• Task objective:
Ignore the pictures in the data below and set down exactly the lines from its first line through the line containing "With chronic cholecystitis, the".

(Data excerpts)
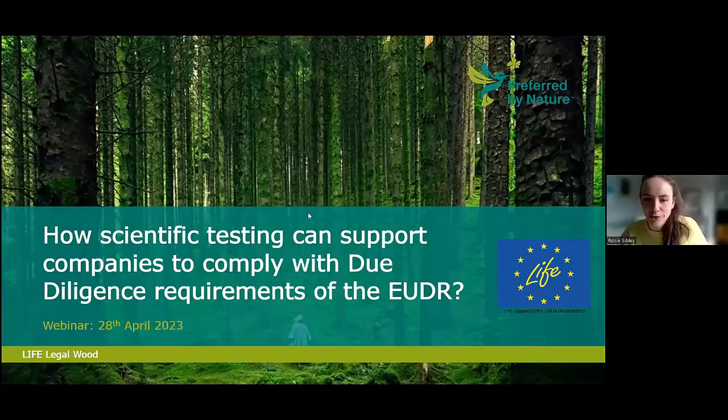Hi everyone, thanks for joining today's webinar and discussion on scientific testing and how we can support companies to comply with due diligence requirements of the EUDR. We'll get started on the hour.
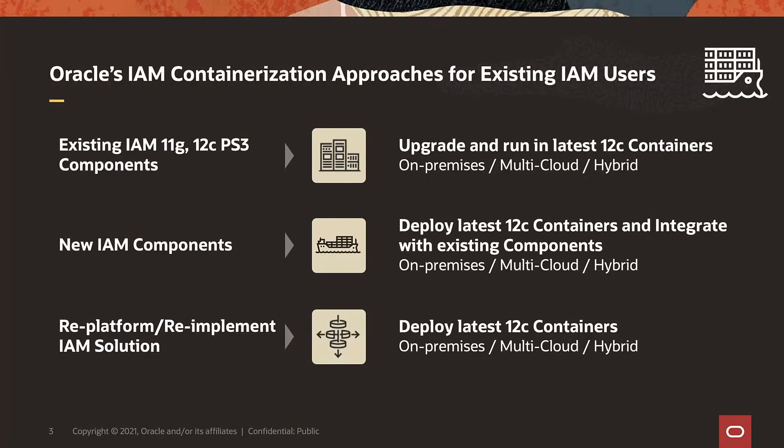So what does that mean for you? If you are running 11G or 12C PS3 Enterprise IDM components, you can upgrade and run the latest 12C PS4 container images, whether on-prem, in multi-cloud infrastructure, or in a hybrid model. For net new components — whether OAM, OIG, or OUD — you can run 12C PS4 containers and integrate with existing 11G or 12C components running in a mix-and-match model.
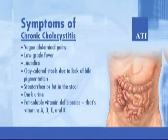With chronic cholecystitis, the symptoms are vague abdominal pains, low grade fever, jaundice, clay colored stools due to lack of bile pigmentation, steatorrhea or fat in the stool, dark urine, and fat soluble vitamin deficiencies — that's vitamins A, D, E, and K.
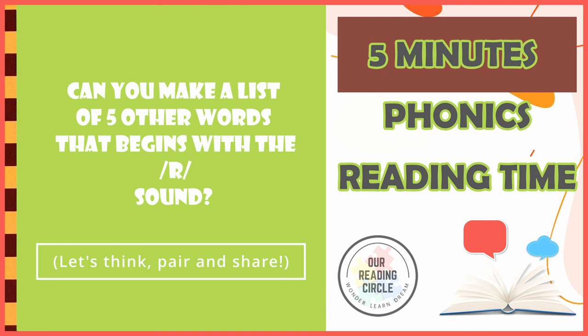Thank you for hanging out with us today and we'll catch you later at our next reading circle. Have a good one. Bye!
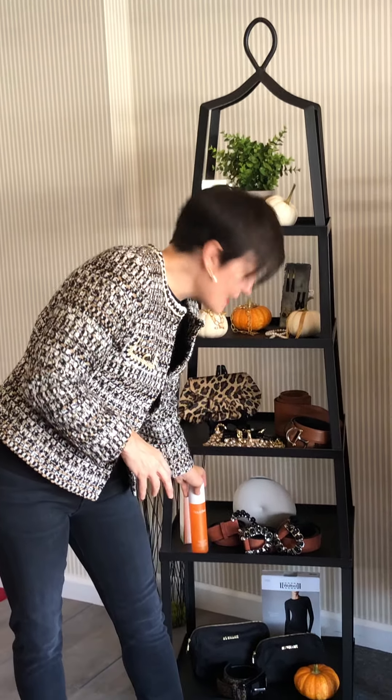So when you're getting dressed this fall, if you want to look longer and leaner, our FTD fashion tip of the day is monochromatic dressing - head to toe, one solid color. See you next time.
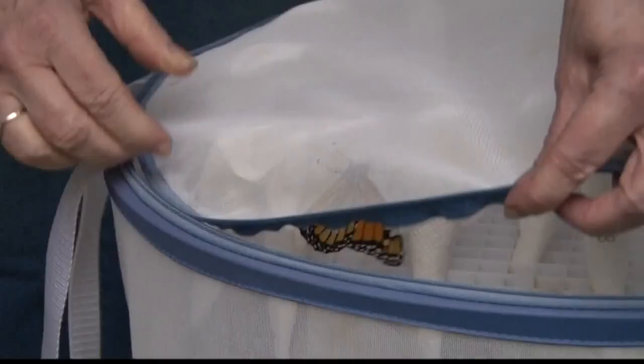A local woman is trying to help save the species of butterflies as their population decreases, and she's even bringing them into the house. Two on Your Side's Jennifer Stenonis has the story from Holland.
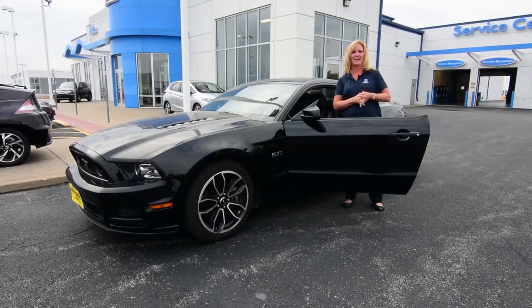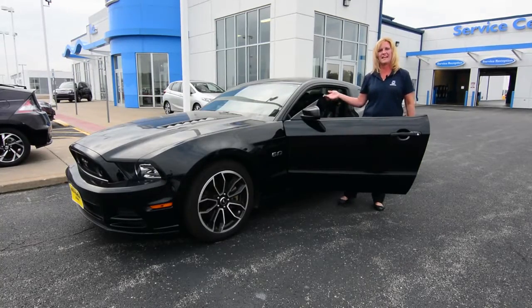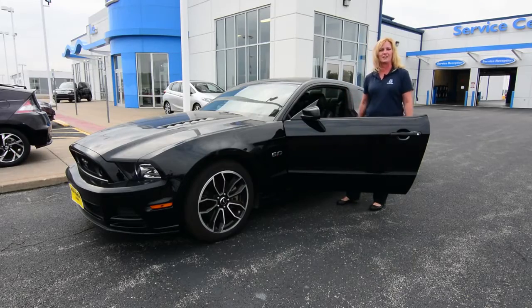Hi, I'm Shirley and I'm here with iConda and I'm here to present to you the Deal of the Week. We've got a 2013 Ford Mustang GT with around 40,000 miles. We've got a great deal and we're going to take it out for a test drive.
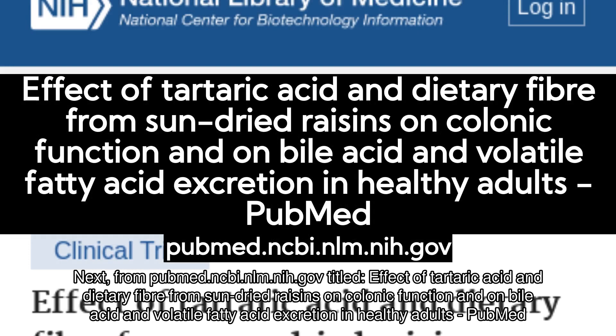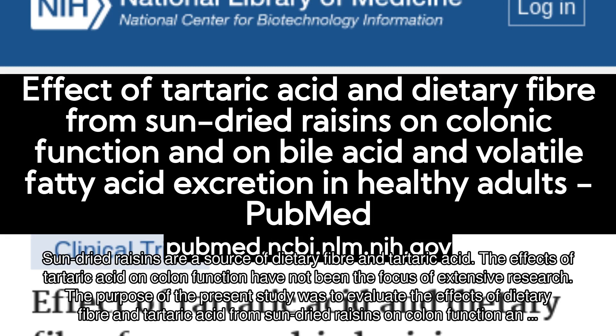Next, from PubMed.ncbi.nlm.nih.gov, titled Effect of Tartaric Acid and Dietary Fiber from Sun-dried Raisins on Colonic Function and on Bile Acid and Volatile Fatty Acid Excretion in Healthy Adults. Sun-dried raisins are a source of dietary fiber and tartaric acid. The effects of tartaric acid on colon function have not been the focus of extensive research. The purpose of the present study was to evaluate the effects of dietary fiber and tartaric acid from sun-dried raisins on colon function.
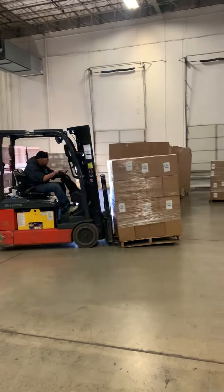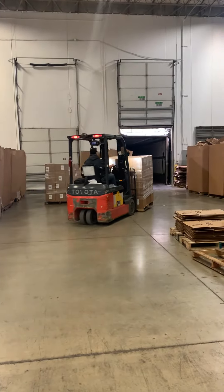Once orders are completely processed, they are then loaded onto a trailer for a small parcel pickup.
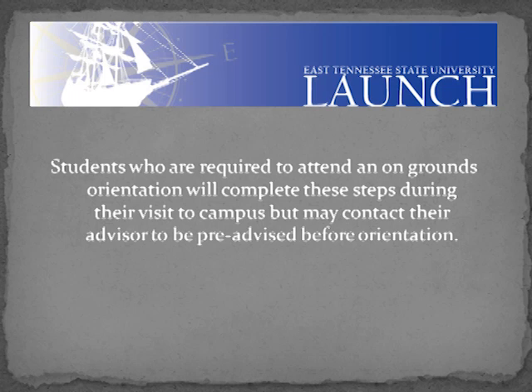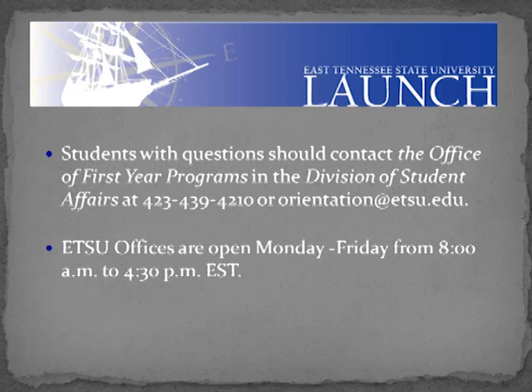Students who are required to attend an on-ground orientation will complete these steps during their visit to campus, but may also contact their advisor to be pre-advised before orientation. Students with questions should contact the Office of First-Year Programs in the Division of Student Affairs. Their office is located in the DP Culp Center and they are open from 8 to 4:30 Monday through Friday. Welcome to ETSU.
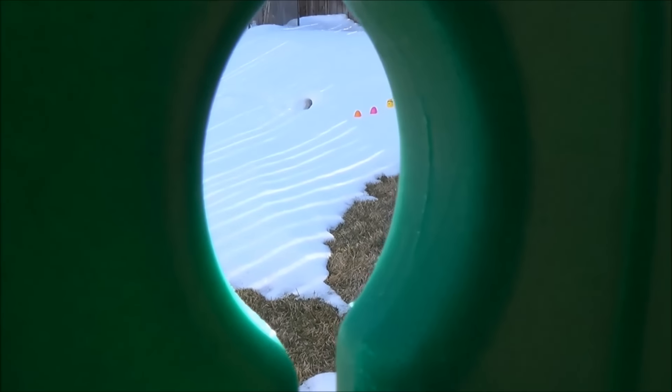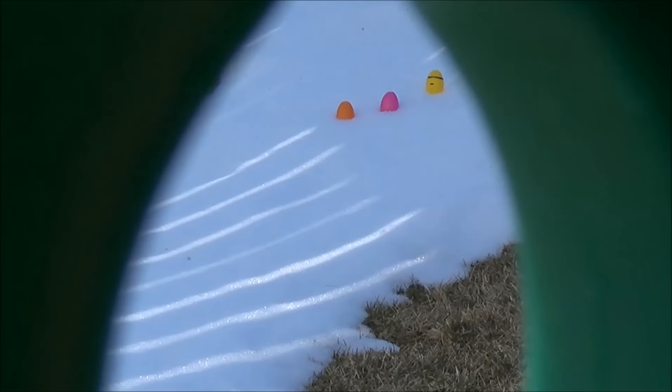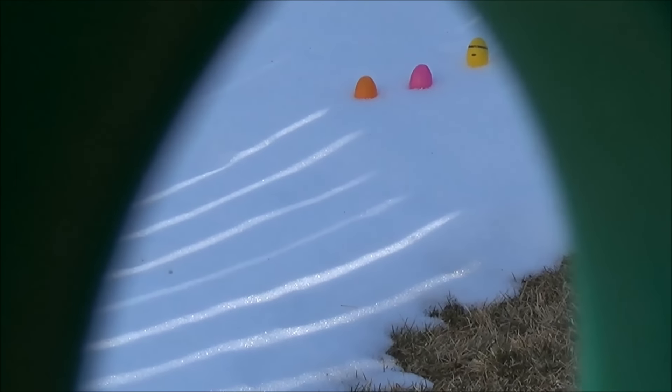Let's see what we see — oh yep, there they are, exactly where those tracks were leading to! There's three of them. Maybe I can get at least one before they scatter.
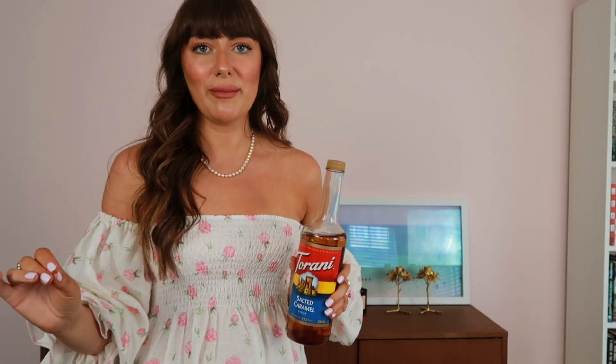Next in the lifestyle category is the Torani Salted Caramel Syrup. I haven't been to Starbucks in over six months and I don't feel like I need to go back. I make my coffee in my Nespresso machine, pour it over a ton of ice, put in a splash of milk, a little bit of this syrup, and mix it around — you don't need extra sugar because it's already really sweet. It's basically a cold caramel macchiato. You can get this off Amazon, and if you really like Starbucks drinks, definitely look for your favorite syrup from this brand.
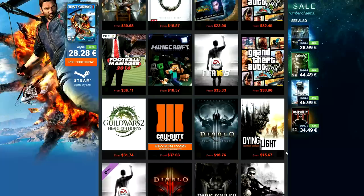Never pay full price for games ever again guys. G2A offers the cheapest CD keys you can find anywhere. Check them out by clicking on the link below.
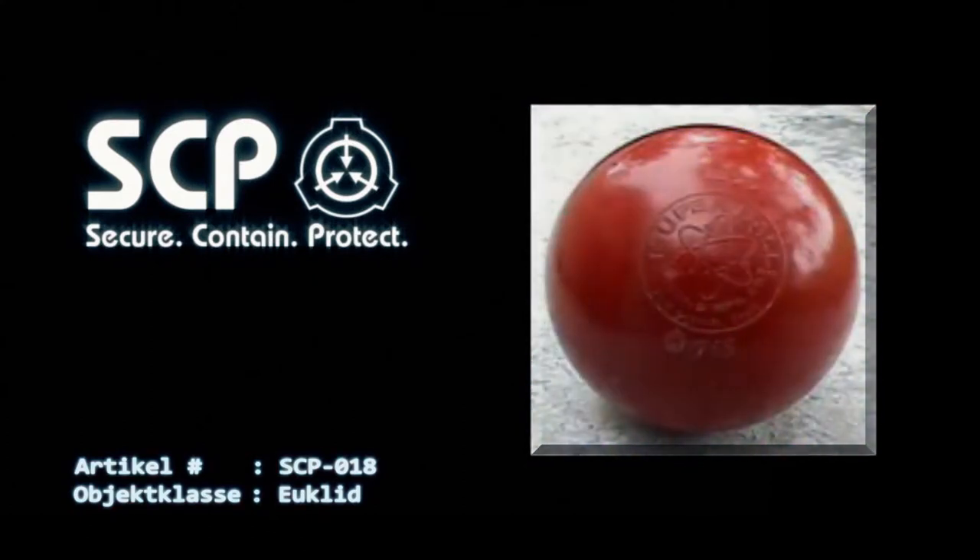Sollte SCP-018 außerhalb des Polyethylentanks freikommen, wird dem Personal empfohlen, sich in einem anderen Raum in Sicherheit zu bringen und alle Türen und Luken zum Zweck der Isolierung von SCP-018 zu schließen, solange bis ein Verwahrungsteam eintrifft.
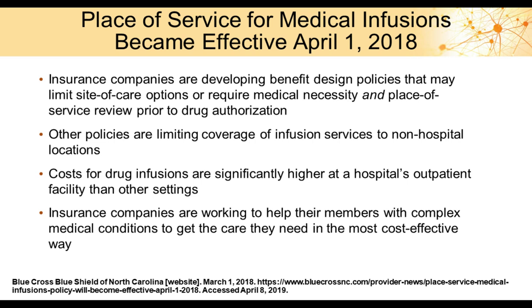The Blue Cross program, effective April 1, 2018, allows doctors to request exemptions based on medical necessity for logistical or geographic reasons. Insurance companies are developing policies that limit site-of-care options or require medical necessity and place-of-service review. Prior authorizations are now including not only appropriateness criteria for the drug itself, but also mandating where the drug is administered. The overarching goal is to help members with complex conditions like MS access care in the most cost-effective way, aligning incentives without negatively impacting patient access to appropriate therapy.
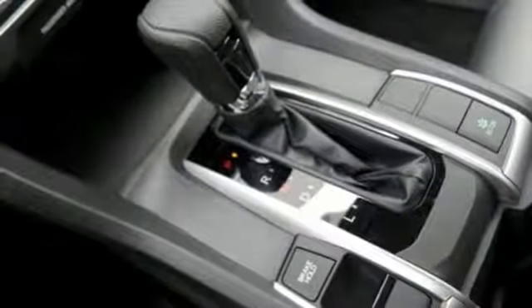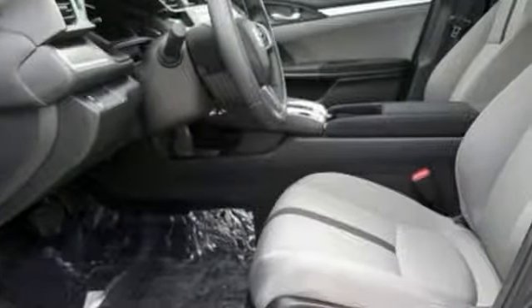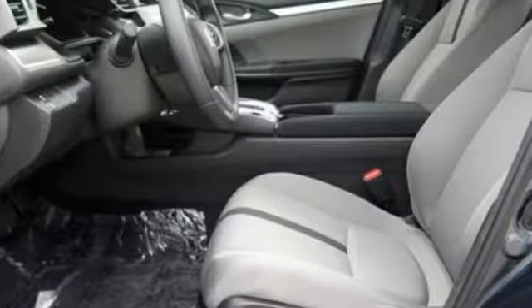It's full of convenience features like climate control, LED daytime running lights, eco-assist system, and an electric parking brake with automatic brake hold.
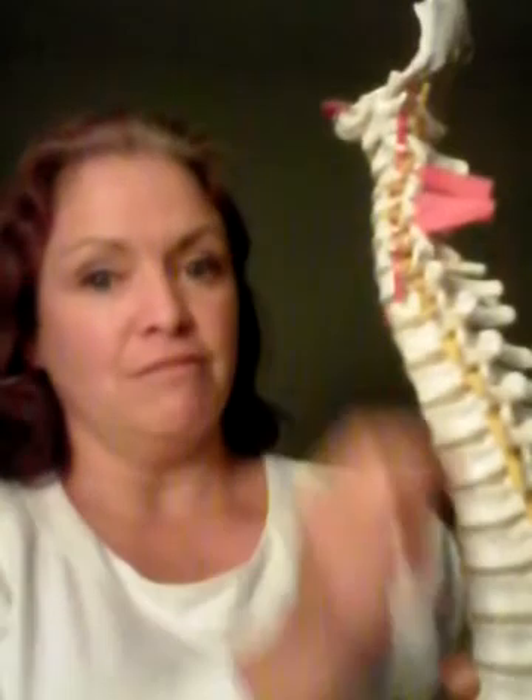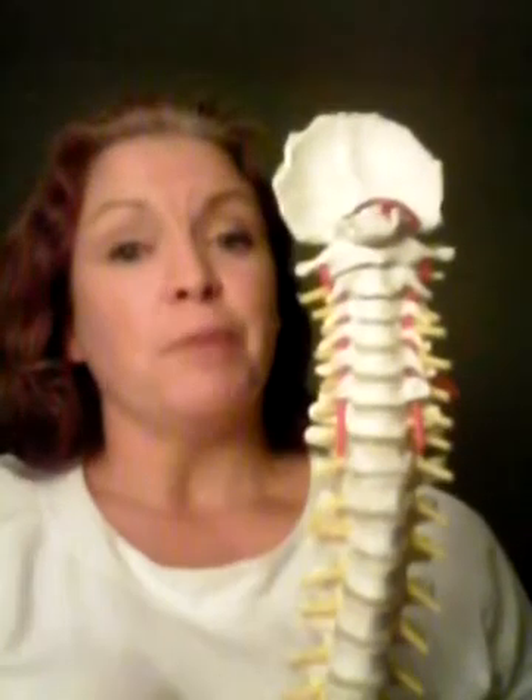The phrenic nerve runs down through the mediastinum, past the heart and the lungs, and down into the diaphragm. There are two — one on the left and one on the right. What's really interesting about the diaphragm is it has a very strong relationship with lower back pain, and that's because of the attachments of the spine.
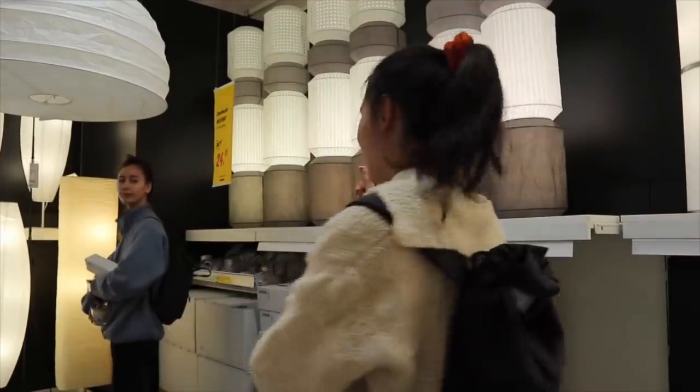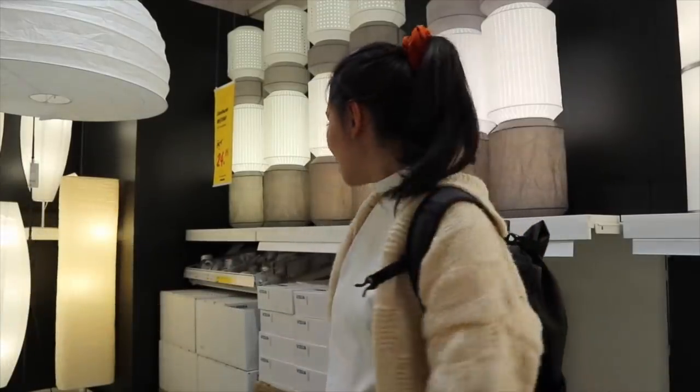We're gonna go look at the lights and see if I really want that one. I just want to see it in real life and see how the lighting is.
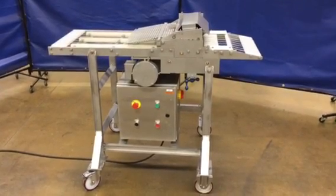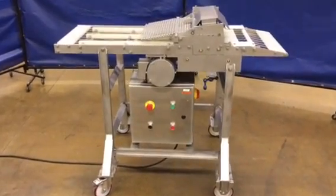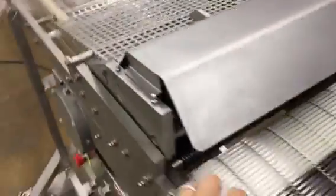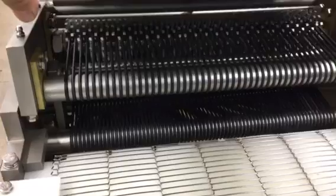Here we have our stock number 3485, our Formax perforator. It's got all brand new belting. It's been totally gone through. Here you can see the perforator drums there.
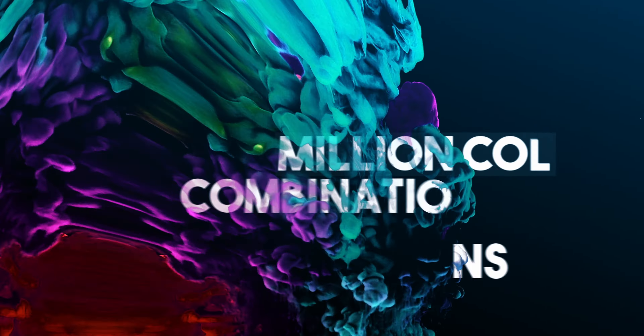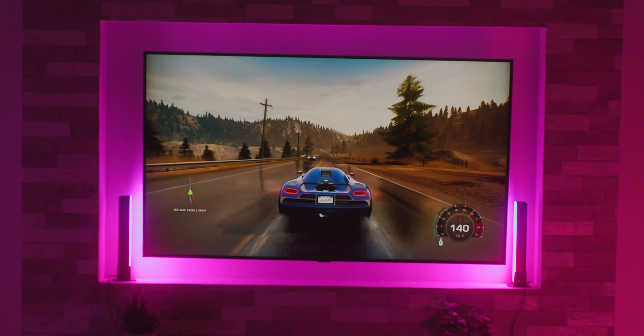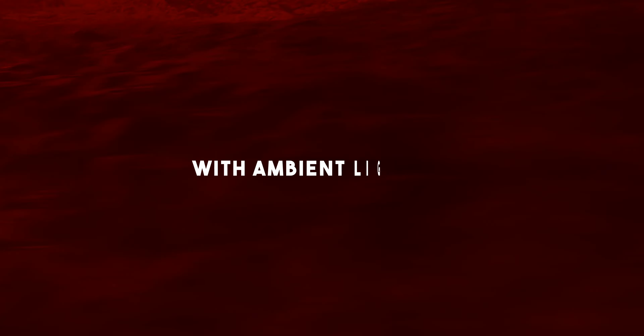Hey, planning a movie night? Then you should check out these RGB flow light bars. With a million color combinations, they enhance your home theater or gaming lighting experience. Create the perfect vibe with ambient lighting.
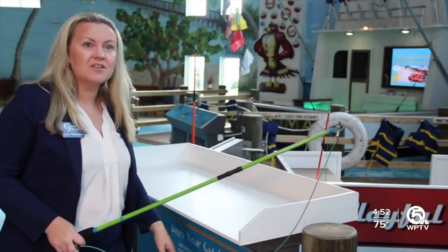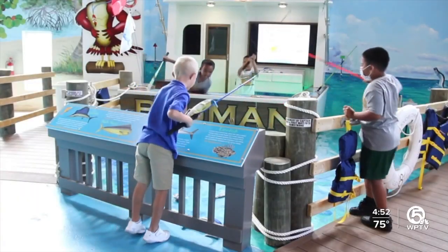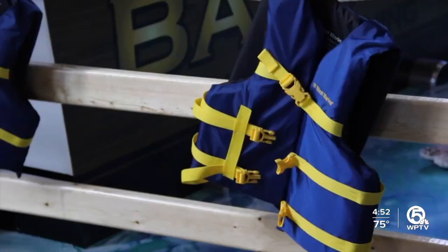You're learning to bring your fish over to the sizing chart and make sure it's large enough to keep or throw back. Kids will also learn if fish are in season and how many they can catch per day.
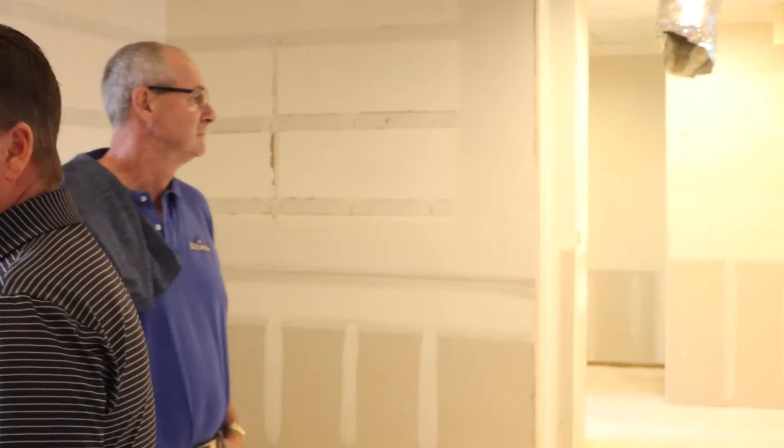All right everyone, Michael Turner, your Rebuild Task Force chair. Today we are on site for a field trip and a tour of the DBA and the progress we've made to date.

• Reply to the task:
Hi everyone, thanks for joining today's webinar and discussion on scientific testing and how we can support companies to comply with due diligence requirements of the EUDR. We'll get started on the hour.
So what does that mean for you? If you are running 11G or 12C PS3 Enterprise IDM components, you can upgrade and run the latest 12C PS4 container images, whether on-prem, in multi-cloud infrastructure, or in a hybrid model. For net new components — whether OAM, OIG, or OUD — you can run 12C PS4 containers and integrate with existing 11G or 12C components running in a mix-and-match model.
With chronic cholecystitis, the symptoms are vague abdominal pains, low grade fever, jaundice, clay colored stools due to lack of bile pigmentation, steatorrhea or fat in the stool, dark urine, and fat soluble vitamin deficiencies — that's vitamins A, D, E, and K.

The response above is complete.